Francis Frith & Co. in Athens

F. Frith & Co., Arch of Hadrian, c. 1850s-1870s, V&A
The Arch of Hadrian, with the Temple of Olympian Zeus beyond
F. Frith & Co., Temple of Olympian Zeus, c. 1850s-1870s, V&A
The Temple of Olympian Zeus

F. Frith & Co., The Acropolis 1850-1870s, V&A
The Acropolis

F. Frith & Co., The Parthenon, c. 1850s-1870s, V&A
The Parthenon
F. Frith & Co., Modern Athens, c. 1850s-1870s, V&A
A beautiful study of “Modern Athens”

Francis Frith (1822-1898) found his first fame as a photographer in the 1850s with a great series of pictures created during long tours of the Middle East. These views were both a technical and an artistic triumph: it was extremely difficult to achieve fine results with the wet collodion process in those dry and dusty climes; and he devoted a great deal of thought and effort to capturing the essence of his scenes and subjects while excluding extraneous elements from the frame. This achievement makes him perhaps the first and certainly among the greatest masters of the topographical view.

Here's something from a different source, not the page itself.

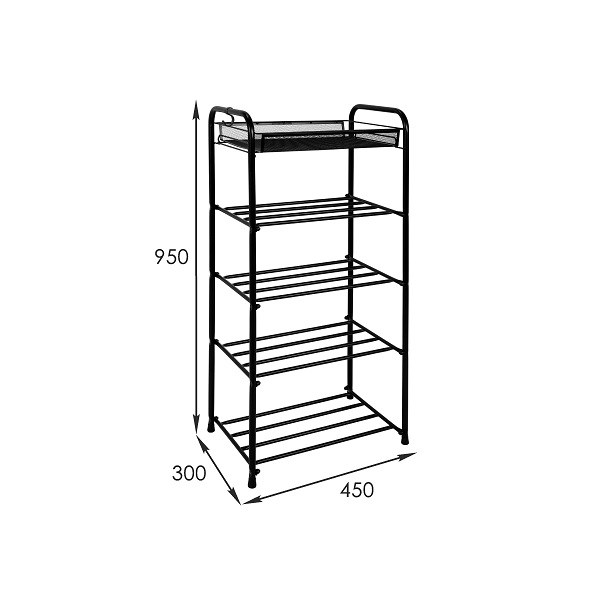 Черная полка для обуви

At the end of his travels Frith established Francis Frith & Co., the world’s first specialist photographic publisher, and embarked on an enormous project to photograph every town and village in the United Kingdom. The resulting images are still widely reproduced today and in the form of postcards are a staple of souvenir shops all over Britain, their ubiquity evoking the image of Frith as a sort of photographic Phileas Fogg, ceaselessly travelling the land while recording every stop along the way. In reality the growing size and success of his enterprise necessitated the hiring of many photographers as well as the wholesale purchase of existing archives, including images from many lands. Thus it is unknown just when and by whom these Athenian scenes were preserved. They form but a small part of the more than 4000 prints acquired by the Victoria and Albert Museum directly from Francis Frith & Co. in 1954.